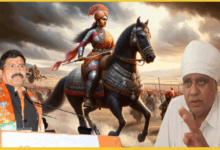 rani-lakshmibai-suicide-comment-row-congress-mla-bareya-controversy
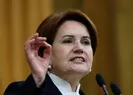 Meral Akşenere şok! İyi Partide bir istifa haber daha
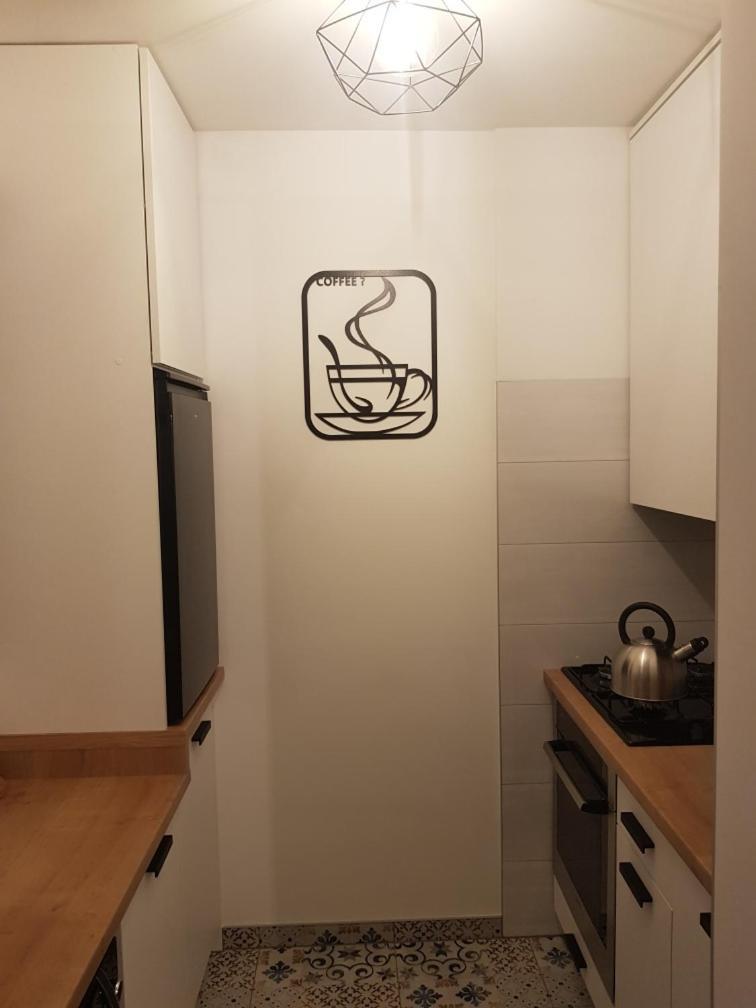 Apartament Chrobry Кентшин Екстер'єр фото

####################

• **WHAT THE TASK ASKS**: Once the images are dropped, set down the remaining material word for word.

• **YOUR RESPONSE**:
 rani-lakshmibai-suicide-comment-row-congress-mla-bareya-controversy
 Meral Akşenere şok! İyi Partide bir istifa haber daha
 Apartament Chrobry Кентшин Екстер'єр фото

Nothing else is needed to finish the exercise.